The GDPR applies as does the e-Privacy Directive. Whenever information in the VVA is stored or accessed, it is considered as being ‘terminal equipment’. The EDPB now provides guidance to all actors in the VVA ecosystem.
You will find hereafter some takeaways of these Guidelines.
From VVA designer to end user
The Guidelines start by identifying the actors in the VVA ecosystem. On the one end of the spectrum, there is the VVA designer, responsible for its development and for defining its capabilities. On the other end of the spectrum, there is the user – whether registered (the person that sets up the VVA) or not (family, colleagues, etc.). Users can also be accidental users in case the VVA wakes up and registers voice recordings without them being aware.
Depending on the situation, more actors in the ecosystem can be identified:
- the developer of applications extending the VVAs capabilities;
- the integrator manufacturing a connected object and equipping it with a VVA; and
- the owner of an accommodation, a professional environment, a rental vehicle etc. providing a VVA to its customers.
The EDPB stresses that each actor processing or exchanging data should be clearly defined as either controller or processor, and that data minimization must be kept in mind at each step.
Performance of contract as legal basis for core activity – otherwise consent
The EDPB distinguishes four main processing purposes:
- executing users’ commands;
- improving the VVA through machine learning (includes human review of the data);
- identifying the user through voice; and
- advertising and personalising content thanks to profiling.
For the first purpose, the performance of a contract with the user is the legal basis. This can also be the case for the fourth purpose of profiling users for personalised content if this is an intrinsic element of the VVA service, expected by the user.
Otherwise consent will be the legal basis, as it is for the second and third purpose and for profiling users for advertising purposes. It is also worth noting that voice used to identify the users is biometric data and requires explicit consent. The EDPB specifies that consent can only be obtained from registered users. For non-registered users, VVAs should therefore only execute commands.

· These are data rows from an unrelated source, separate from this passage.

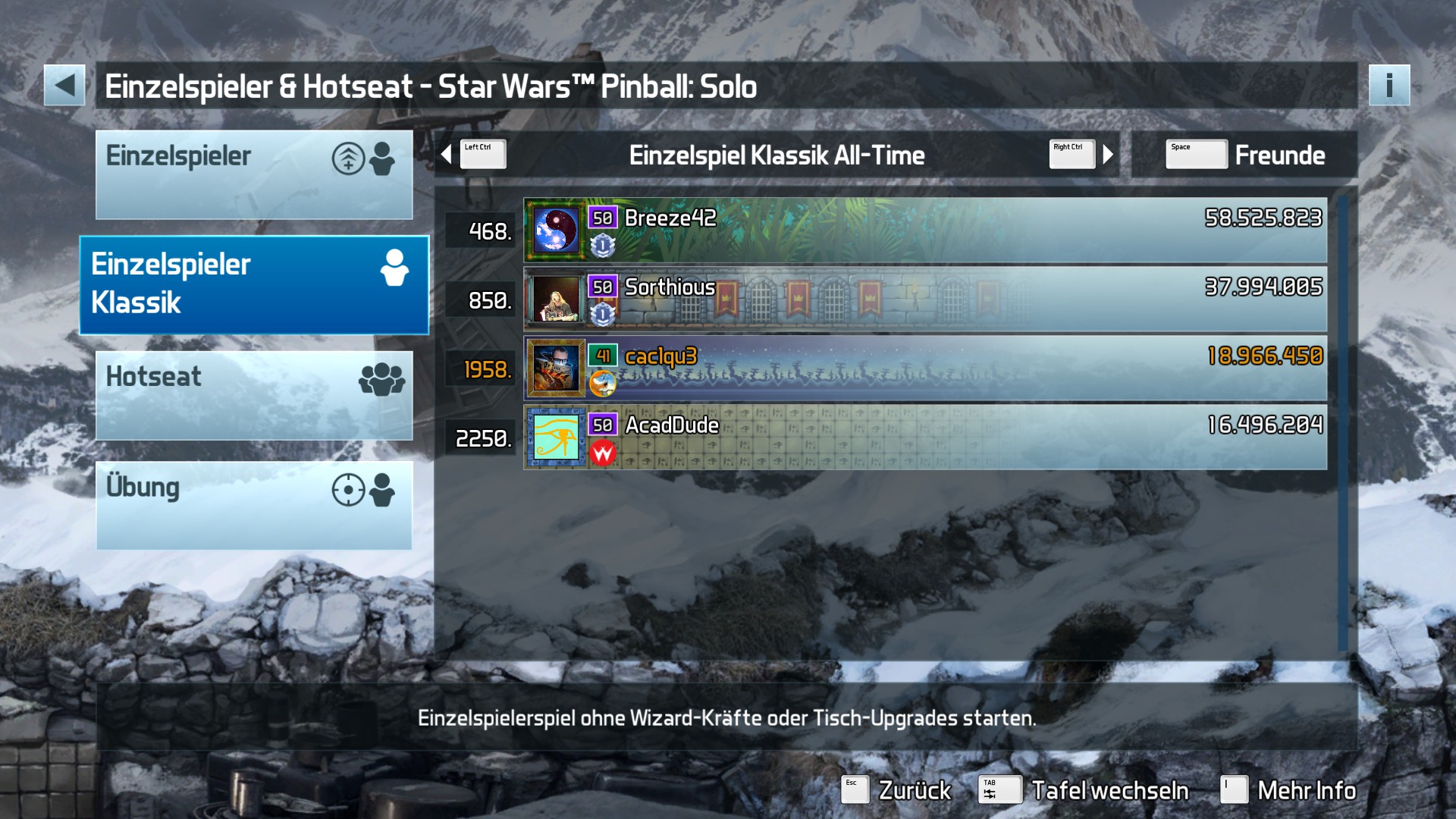 e2e4: Pinball FX3: Star Wars Pinball: Solo [Classic] (PC) 18,966,450 points on 2022-05-19 08:31:52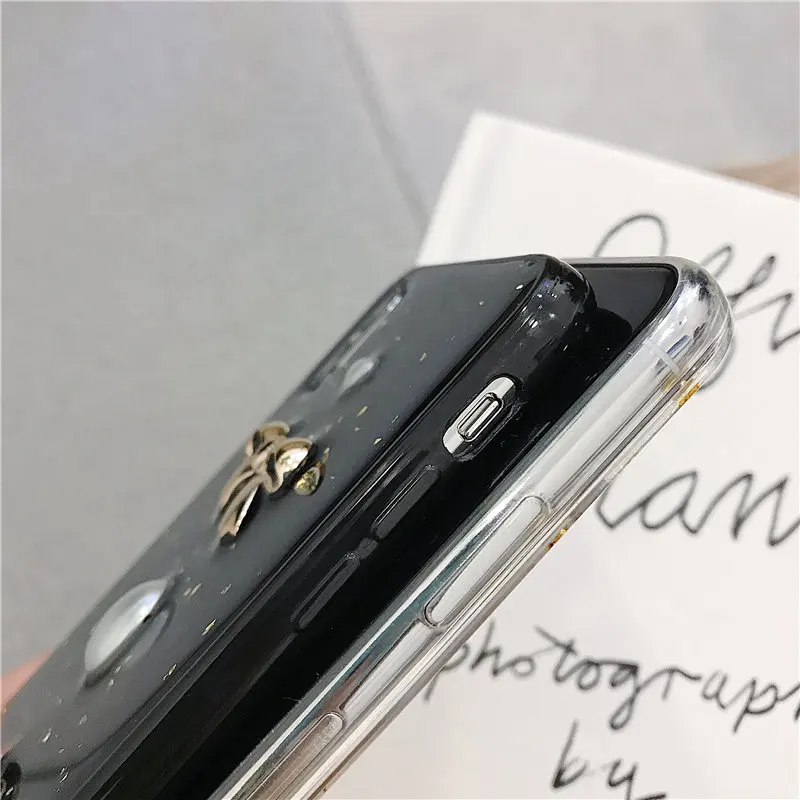 3D стерео жемчужный чехол на телефон с завязкой бантиком для iPhone XR XS Max X Coque 8 7 6 S Plus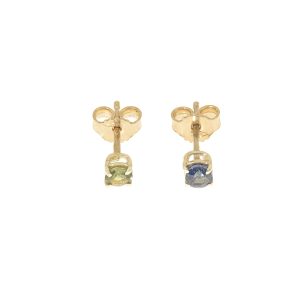 Orecchini in oro bianco 9k con zaffiro blu e verde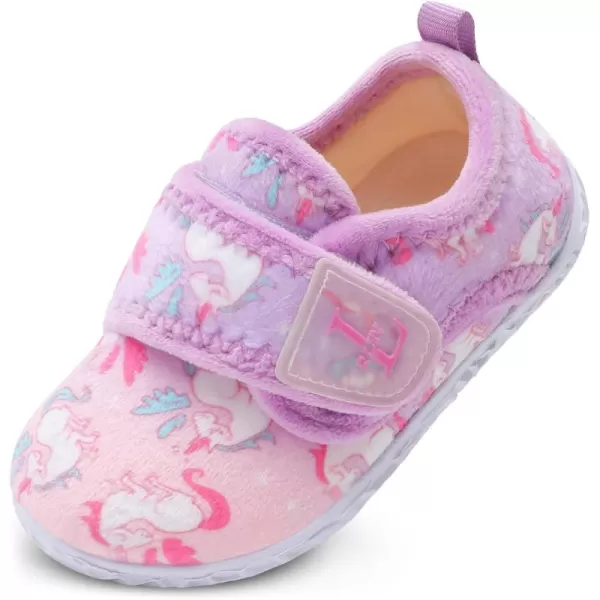 LRUN Toddler Slippers for Girls Boys Warm Household Shoes Kids Winter Slippers with Microfleece Lining for Indoor OutdoorPurple Horse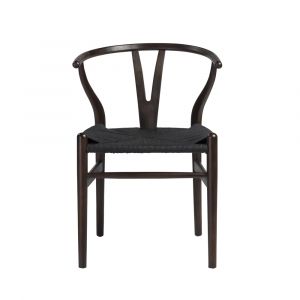 Euro Style - Evelina Side Chair with Walnut Stained Framed and Black Rush Seat - Set of 2 - 08162WAL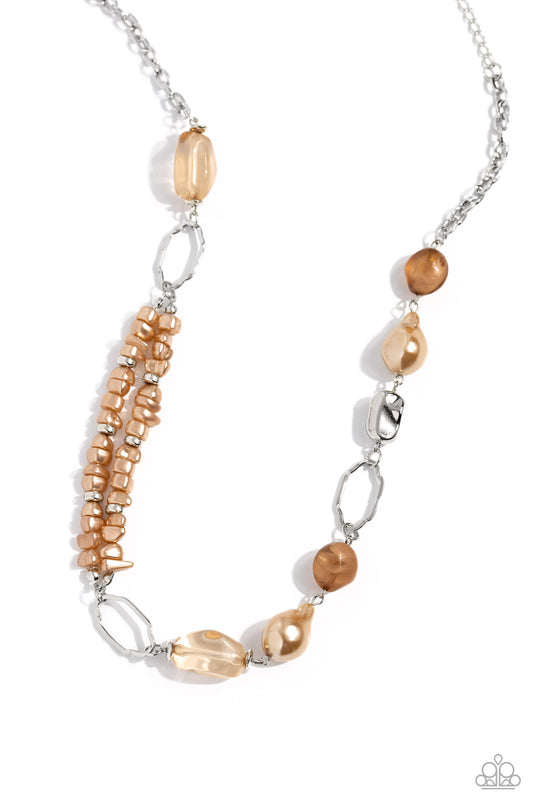 Paparazzi Necklaces - Easygoing Elegance - Brown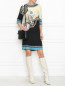 Платье прямого кроя из смеси шерсти и шелка с узором Etro  –  МодельОбщийВид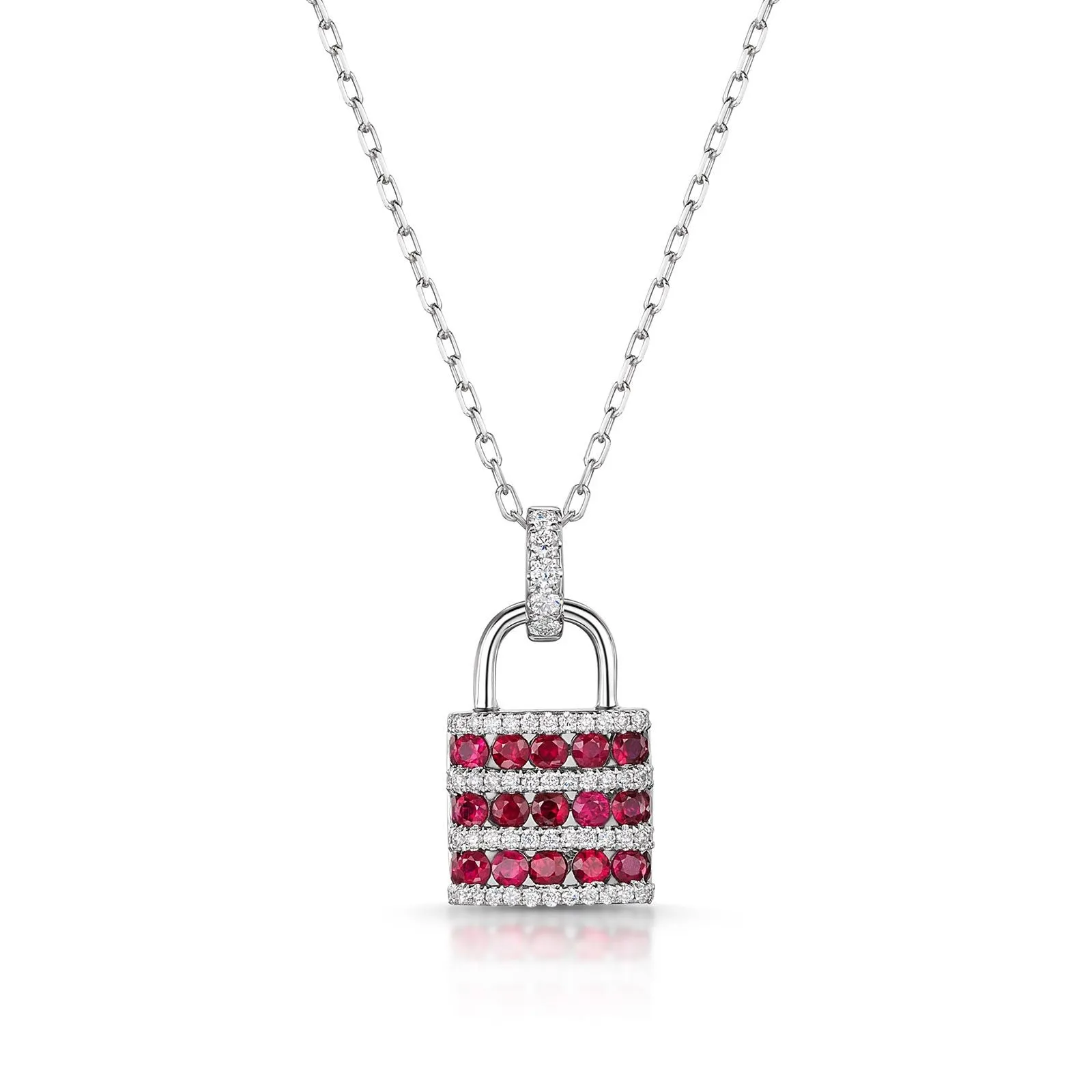 18ct White Gold Round-Cut Ruby & Brilliant-Cut Diamond Padlock Necklace 1.44ct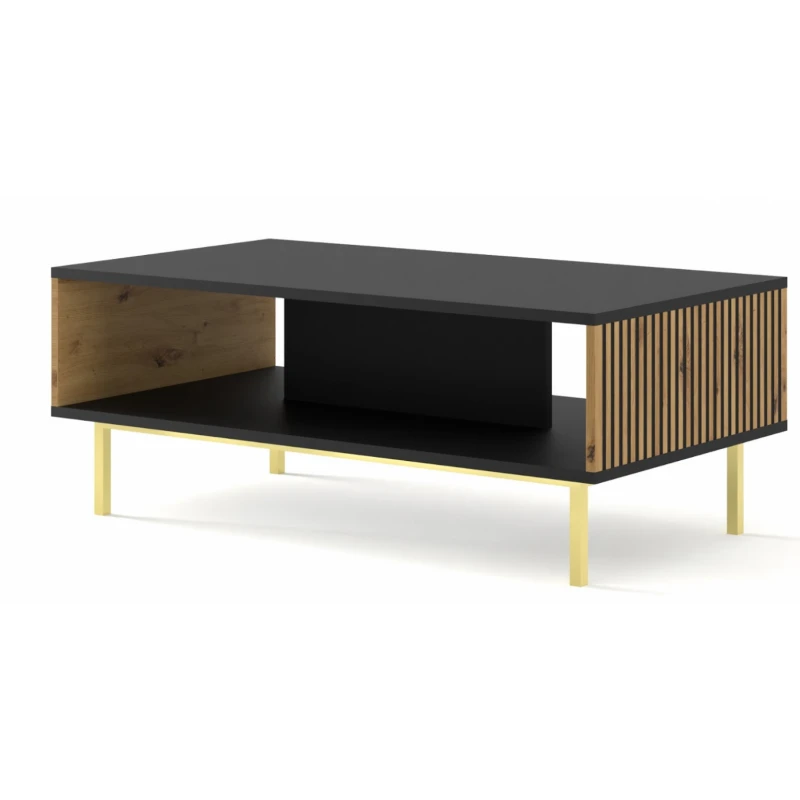 ARTBm Konferenčný stolík RAVENNA F 90  | čierna matná / dub artisan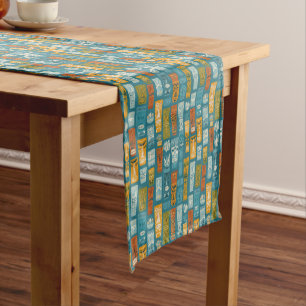 Retro Tiki Totems Short Table Runner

Immediate deletion of voice recordings where possible
After executing a user’s command, the personal data should be immediately deleted, unless there is a legal basis for further processing. This can be a legal obligation requiring certain storage periods, like purchase evidence for tax regulation. The same goes for accidentally processed personal data (following an accidental wake up of the VVA).
When controllers become aware of it, they should either verify that there is a valid legal basis, or immediately delete the data.
Some VVAs store currently personal data by default for an undefined period, and rely on users to delete them. The EDPB instead advises controllers to define storage periods. It also points to the possibility of anonymising recordings by removing situational information and anonymizing the voice.
Transparency and data subject rights through the vocal interface
The vocal interface is also an important mechanism for the exercise of data subject rights. All users (registered or not) must be able to exercise their rights through voice commands. At the end they should be informed that their rights have been duly factored, for example by voice or by a message to the user’s account.
The EDPB also provides guidance on the processing of children’s data, on security, and accountability. Importantly, it specifies that it is very likely that VVA is a processing activity which requires a Data Protection Impact Assessment (DPIA).
The EDPB will start examining the comments received during the public consultation and will publish a final version within the coming months of the Guidelines.